Collected data entries
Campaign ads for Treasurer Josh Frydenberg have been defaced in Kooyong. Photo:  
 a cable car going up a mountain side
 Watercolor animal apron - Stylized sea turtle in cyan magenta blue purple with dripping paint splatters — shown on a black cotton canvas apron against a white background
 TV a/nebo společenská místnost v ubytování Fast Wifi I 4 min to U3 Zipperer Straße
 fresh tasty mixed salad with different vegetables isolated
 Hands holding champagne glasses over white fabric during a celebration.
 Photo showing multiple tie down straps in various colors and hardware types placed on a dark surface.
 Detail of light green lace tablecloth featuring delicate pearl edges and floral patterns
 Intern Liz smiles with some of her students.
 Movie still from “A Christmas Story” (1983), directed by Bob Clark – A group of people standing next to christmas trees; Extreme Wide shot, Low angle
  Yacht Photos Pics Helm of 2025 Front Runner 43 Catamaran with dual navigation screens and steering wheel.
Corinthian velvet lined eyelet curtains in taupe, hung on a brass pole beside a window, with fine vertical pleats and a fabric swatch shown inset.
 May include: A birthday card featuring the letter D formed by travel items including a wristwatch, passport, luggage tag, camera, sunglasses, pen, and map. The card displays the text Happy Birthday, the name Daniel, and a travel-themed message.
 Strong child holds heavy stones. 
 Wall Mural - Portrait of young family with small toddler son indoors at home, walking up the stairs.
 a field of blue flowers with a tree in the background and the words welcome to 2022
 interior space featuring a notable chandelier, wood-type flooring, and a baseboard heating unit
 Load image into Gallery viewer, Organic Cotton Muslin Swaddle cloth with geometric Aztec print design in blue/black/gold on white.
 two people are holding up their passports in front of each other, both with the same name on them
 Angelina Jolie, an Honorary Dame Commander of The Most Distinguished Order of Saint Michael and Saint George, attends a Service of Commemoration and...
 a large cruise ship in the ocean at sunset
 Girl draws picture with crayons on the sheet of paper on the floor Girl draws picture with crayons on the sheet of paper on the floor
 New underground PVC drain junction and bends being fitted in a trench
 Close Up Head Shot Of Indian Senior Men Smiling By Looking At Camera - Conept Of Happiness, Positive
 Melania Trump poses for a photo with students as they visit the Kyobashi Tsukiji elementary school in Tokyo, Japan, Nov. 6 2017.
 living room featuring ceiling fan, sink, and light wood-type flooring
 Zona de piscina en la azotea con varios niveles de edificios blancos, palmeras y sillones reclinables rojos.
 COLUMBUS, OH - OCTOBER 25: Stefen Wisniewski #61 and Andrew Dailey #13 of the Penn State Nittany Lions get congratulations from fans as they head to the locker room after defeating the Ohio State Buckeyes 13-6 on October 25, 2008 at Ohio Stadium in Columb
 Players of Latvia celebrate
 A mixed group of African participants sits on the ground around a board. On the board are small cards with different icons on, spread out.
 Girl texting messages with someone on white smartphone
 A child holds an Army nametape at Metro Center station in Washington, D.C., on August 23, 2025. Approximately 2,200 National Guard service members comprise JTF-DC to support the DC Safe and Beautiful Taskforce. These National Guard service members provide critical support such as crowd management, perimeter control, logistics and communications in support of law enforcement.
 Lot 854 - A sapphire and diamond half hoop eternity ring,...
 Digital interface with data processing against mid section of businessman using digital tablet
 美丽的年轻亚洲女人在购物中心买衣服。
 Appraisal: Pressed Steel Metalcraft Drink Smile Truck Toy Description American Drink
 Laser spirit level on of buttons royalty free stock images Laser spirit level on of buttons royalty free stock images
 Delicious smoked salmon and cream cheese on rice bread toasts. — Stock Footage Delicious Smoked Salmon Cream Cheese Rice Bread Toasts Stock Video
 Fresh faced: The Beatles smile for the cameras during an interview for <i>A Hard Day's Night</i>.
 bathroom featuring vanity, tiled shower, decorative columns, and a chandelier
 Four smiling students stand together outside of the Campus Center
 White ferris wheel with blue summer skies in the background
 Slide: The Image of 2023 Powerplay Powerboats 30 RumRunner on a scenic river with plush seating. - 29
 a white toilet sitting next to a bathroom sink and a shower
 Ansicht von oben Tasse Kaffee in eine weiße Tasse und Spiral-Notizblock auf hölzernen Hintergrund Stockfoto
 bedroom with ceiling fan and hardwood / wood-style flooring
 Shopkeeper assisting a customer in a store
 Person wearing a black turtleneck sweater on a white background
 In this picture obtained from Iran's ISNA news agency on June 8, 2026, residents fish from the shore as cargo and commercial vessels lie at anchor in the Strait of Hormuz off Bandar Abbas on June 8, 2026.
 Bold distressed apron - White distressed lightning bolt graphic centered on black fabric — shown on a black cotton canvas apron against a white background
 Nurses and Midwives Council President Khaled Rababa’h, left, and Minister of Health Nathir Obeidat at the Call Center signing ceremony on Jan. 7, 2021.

The problem =
Go line by line through the data and copy any that contain "students".

Result =
 Intern Liz smiles with some of her students.
 Melania Trump poses for a photo with students as they visit the Kyobashi Tsukiji elementary school in Tokyo, Japan, Nov. 6 2017.
 Four smiling students stand together outside of the Campus Center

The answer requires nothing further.